The Finnish finance minister has said all eurozone countries are making contingency plans in case the currency union breaks up. With debt downgrades, bond market anomalies, troubled bailouts, and austerity packages with their associated riots becoming the new EU norm, their worries are obviously justified.
Moody’s downgraded Italy’s government bond rating two notches from A3 to Baa2. This is just above junk status. Moreover, the outlook is negative with further downgrades possible in the near future. So what happened in the Italian government bond auction this morning? Did buyers demand higher interest rates to buy Italy’s increasingly risky debt as basic economic principles would predict?

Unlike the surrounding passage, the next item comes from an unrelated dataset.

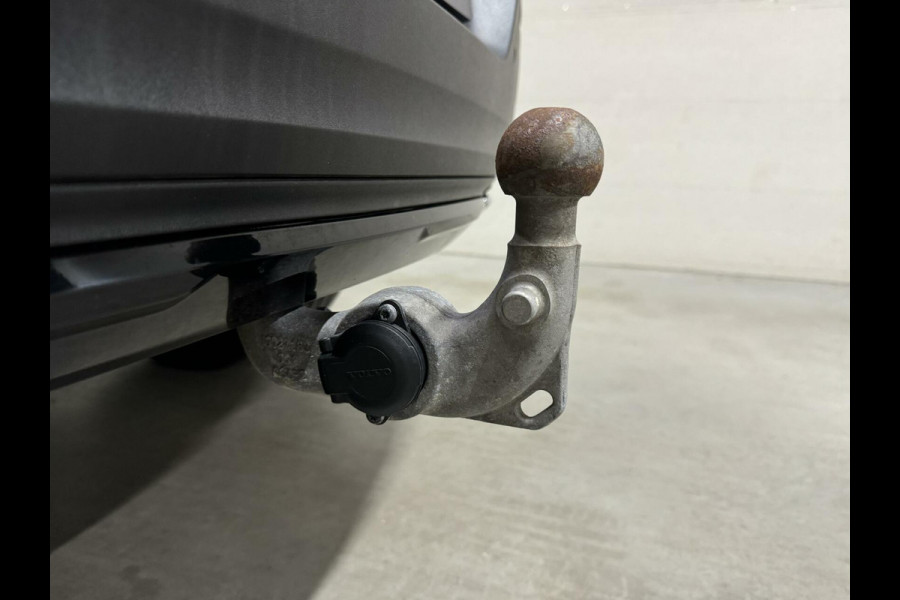 Volvo XC40 1.5 T5 Recharge R-Design Pano Camera 21'' Trekh.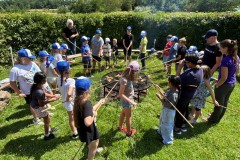 Bild15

No they didn’t. Italy sold 3.5 billion of three-year bonds at an average yield of 4.65%, much less than the 5.3% it had to pay last month. How is this possible? Apparently Italian banks couldn’t resist an urge to grossly overpay for their governments newly issued debt. The ECB was most certainly backing them up behind the scenes. If this is how Italian banks do business, can we assume that they’re solvent?
There is little need to pose that question for Spanish banks. Recent data indicate that they borrowed 365 billion in June from the ECB — a record amount. This compares to 325 billion in May. These numbers indicate that Spanish banks have been closed out of the interbank lending market (a good indication of insolvency). The highly troubled Spanish banking sector, which has 3 trillion in debt on its books, will be receiving an immediate infusion of 30 billion in bailout funds from the EU and another 45 billion in November. This represents 2.5% of its total debt and that amount is supposed to fix the problem. The actual funds needed will be many times that. It is impossible to say exactly how much because the financial numbers for Spanish banks are not reliable.

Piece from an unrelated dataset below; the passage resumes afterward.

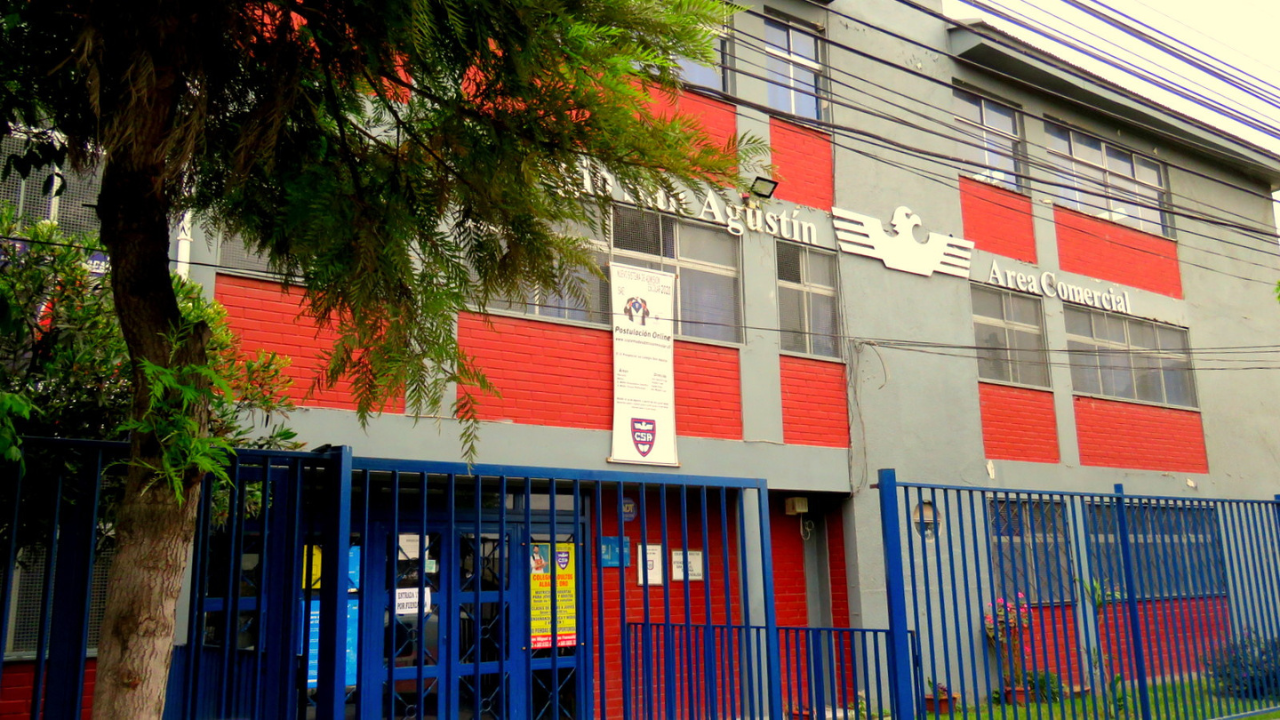 colegio-san-agustin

Spain seems to be following Greece’s descent into a self-reinforcing economic collapse. This week Prime Minister Rajoy announced further budget cuts of 65 billion over the next two years. VAT was raised from 18% to 21%. Almost a quarter of the Spanish work force is unemployed, even worse than Greece’s 22.5%. Spain though seems to be making a more serious effort at fiscal austerity than Greece. According to reports in the German daily Rheinische Post, the troika on its latest visit found that the Greek government failed to implement 210 of the 300 budget savings requirements it had agreed to in exchange for its bailout money.
While interest rates are pushing against unsustainable levels in Spain and Italy, they have gone to theoretically impossibly low levels in northern Europe. Negative interest rates first appeared in government debt in Denmark and the Netherlands last December. Then Germany paid negative rates on some of its short-term bonds starting in January. This week, France sold six-month Treasuries at a yield of -0.03% and two-year bonds at -0.001%. Below zero yields are a sign of severe market stress.

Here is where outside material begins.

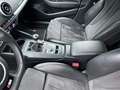 Audi S3 2.0 TFSi Quattro Proline Plus Navi. Camera 300 PK Schwarz - thumbnail 28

The euro (NYSE:FXE) this week has traded below 1.22 to the U.S. dollar, but is slightly higher today. Investors should watch the 1.20 level. If the euro breaks and stays below this area of support, it could drop to parity with the dollar. The major central banks would intervene to prevent this though, so the ride down wouldn’t be smooth.
Stock markets (NYSE:VT) reacted bullishly in late June and early July to the news of further bailouts in the EU. Most traders didn’t ask where the money would come from, nor if the plans were even legally possible. They may not be. The German constitutional court will be ruling whether or not Angela Merkel’s promises to participate in the ESM (European Stability Mechanism) can go forward. Even if they rule favorably, there is little actual money committed to the ESM. More money printing (and the ECB has already done quite a bit) is the only option left to fund the various bailout schemes to save the euro. Of course, it’s logically absurd that a fiat currency could be saved by producing excess amounts of it.
The same is true for trying to solve a debt crisis by taking on more debt. But hope reigns eternal in the land of euro make believe.